Especially now that the global shortage of automotive chips is disrupting the production of car manufacturers from Toyota Motor Corporation to Volkswagen, this is becoming a growth opportunity for global chip manufacturers. Mike Hogan, head of Globalfoundries, also said that the company is operating its factories at an unprecedented speed and prioritizes automotive chips to meet demand.

In addition, Globalfoundries is expected to complete the IPO in the second half of 2022. They said they hope to reach certain financial milestones before going public, and due to the growing demand for chips, Globalfoundries is quite sure to reach this goal in 2022.

 SMIC is full of uncertainty

A few days ago, SMIC was included in the “blacklist” by the United States, but considering their status in domestic fabs, their future layout will also have an impact on the industry.

Looking back at 2020, SMIC has also made a lot of investment, especially the listing on the Science and Technology Innovation Board, which raised huge funds and injected more capital support for the company’s development.

On July 16, 2020, the mainland semiconductor foundry giant SMIC will officially land on the Sci-tech Innovation Board, becoming the first domestic red-chip technology innovation company to achieve “A+H” at the same time, and it will also become A-share Leading technology stock company and one of the semiconductor companies with the highest market value.

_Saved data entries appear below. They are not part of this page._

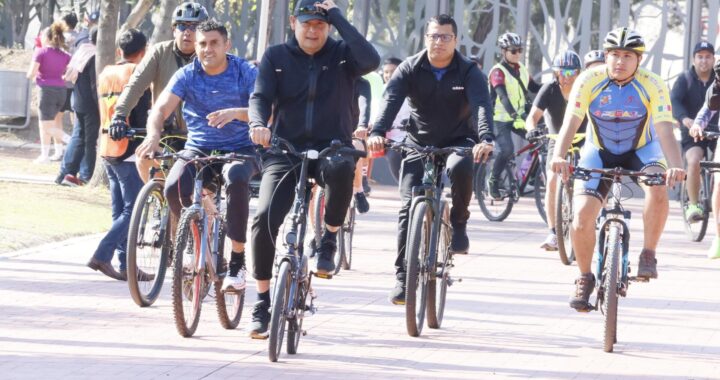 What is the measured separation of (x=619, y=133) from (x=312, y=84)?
6.49 feet

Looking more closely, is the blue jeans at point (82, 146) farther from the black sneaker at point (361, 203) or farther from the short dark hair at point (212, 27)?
the short dark hair at point (212, 27)

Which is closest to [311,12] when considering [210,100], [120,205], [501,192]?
[210,100]

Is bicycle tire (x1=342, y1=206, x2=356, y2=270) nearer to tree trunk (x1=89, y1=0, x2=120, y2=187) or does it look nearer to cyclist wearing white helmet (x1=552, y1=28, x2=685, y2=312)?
cyclist wearing white helmet (x1=552, y1=28, x2=685, y2=312)

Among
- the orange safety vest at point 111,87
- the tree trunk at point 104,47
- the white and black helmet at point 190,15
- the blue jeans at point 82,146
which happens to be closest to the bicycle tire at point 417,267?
the white and black helmet at point 190,15

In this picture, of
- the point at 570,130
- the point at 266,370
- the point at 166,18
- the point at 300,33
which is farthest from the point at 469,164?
the point at 166,18

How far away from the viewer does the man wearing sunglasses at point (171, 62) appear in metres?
10.3

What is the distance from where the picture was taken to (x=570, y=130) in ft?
30.3

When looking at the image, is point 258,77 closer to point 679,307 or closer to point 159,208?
point 159,208

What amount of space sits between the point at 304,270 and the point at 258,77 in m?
1.10

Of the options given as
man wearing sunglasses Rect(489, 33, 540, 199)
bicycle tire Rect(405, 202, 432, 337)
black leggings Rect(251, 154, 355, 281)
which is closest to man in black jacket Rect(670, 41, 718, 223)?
man wearing sunglasses Rect(489, 33, 540, 199)

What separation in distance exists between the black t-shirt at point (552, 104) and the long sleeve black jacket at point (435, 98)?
4.75 metres

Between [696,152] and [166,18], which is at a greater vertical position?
[166,18]

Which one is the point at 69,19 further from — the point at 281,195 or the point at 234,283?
the point at 281,195

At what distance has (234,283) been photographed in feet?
28.8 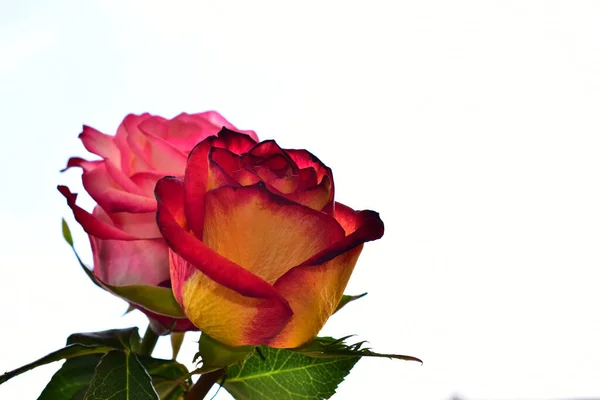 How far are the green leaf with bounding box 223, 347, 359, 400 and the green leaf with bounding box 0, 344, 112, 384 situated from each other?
0.05 metres

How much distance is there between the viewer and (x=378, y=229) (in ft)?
0.82

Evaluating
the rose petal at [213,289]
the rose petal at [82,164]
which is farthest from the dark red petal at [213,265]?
the rose petal at [82,164]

According to the announcement issued by SMIC, the company’s net proceeds from the public offering of shares on the Sci-tech Innovation Board are 45.6 billion yuan, which will be used for the 12-inch chip SN1 project, mature technology production line construction projects, advanced and mature technology research and development projects, and reserve funds. Supplement working capital.

On December 4, 2020, SMIC issued an announcement stating that the company’s wholly-owned subsidiary SMIC, the National Integrated Circuit Fund II and Yizhuang International Investment Corporation have entered into a joint venture contract to jointly establish a joint venture SMIC Capital Integrated Circuit Manufacturing (Beijing) ) Co., Ltd., with a registered capital of 5 billion U.S. dollars and a total investment of 7.6 billion U.S. dollars (about 50 billion RMB). Its business scope includes the production of 12-inch integrated circuit wafers and integrated circuit packaging series.

On the journey of semiconductor fabs, some people take capital and technology to make great strides forward, some choose to camp and consolidate mature technologies when they are just enough, and some people withdraw from the stage of history to specialize in other technologies. But undoubtedly, the competition among fabs continues, capital is constantly pouring in, new technologies are constantly iterating, and old technologies are constantly being introduced.